Abstract

Activated carbon has been widely used as adsorbents, catalyst support and energy storage materials. Microwave heating is a promising technique for thermochemical treatment and activation of activated carbons due to its fast, selective, uniform and volumetric heating. Previous reviews mainly focused on specific feedstocks (e.g. agricultural biomass or oil palm wastes) or ignored important parameters for microwave activation (e.g. mass of activated carbon precursor). Characteristics of activated carbons prepared from conventional and microwave treatment were not compared and economics of microwave activation were not described in previous studies. This paper presentst a state of the art review of activation under microwave irradiation for various biomass sources (e.g. agricultural wastes, woody biomass and sewage sludge). Characteristics of microwave heating, main activation parameters, research progress and technology status of activated carbon preparation and regeneration under microwave irradiation are investigated with key challenges and economics being addressed. Characteristics of activated carbons made from microwave irradiation and conventional activation are compared and the advantages of microwave-assisted preparation are highlighted.
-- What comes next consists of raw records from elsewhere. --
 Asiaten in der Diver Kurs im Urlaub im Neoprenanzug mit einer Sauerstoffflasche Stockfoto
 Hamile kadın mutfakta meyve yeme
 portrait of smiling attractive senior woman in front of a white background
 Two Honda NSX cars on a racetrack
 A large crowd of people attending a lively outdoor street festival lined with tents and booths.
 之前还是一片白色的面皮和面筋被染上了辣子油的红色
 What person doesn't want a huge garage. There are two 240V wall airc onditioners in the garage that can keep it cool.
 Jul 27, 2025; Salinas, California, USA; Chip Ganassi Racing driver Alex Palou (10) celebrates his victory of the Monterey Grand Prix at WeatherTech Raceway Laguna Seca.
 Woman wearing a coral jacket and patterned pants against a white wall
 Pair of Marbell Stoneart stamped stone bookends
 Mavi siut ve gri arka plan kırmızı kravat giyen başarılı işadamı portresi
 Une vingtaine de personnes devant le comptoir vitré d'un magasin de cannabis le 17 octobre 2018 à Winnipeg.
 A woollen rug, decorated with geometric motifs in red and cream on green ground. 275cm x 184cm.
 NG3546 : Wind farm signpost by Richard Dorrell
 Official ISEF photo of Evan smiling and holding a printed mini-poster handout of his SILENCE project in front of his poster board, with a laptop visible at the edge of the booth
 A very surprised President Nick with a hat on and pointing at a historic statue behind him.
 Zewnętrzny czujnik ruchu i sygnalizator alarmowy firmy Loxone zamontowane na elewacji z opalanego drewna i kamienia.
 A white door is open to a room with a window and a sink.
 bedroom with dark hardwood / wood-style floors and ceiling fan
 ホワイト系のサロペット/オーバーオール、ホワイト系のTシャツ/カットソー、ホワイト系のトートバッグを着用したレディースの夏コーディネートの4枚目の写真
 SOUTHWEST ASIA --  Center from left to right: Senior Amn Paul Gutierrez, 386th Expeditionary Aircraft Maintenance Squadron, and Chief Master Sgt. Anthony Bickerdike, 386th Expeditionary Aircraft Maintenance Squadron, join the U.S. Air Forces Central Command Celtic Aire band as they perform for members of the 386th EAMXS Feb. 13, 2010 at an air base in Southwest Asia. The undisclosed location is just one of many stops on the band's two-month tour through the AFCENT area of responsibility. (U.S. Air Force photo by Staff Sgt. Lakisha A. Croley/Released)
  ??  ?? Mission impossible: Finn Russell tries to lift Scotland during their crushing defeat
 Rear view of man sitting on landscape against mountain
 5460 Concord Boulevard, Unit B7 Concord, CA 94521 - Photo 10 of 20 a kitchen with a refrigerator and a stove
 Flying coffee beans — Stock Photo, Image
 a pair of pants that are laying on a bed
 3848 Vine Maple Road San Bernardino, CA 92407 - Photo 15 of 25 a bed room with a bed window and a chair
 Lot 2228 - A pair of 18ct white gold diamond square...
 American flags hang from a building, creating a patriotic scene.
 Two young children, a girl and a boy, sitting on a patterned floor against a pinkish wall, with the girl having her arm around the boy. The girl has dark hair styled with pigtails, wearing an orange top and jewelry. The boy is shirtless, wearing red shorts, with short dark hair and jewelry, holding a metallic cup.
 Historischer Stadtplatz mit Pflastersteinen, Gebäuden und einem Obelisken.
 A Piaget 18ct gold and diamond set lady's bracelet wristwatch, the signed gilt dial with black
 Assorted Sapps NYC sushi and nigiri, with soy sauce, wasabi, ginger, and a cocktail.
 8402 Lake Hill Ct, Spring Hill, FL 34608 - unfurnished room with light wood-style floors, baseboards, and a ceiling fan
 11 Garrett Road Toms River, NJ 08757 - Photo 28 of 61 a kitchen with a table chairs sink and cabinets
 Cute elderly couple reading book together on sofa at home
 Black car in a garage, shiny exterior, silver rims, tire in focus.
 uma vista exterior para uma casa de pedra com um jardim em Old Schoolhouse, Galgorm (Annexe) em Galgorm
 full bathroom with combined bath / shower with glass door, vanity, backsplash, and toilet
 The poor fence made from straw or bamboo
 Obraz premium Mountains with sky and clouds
It shows that the BET (Brunauer–Emmett–Teller) surface area, iodine number, methylene blue adsorption capacity and the yield of activated carbons under microwave irradiation are up to 2500–3000 m2/g, 1800–2200 mg/g, 500–700 mg/g and 13–96 wt%, respectively, competitive with conventional methods on the quality of activated carbons and process economics. Potential applications and future perspectives are described with pertinent information on activated carbon preparation under microwave irradiation.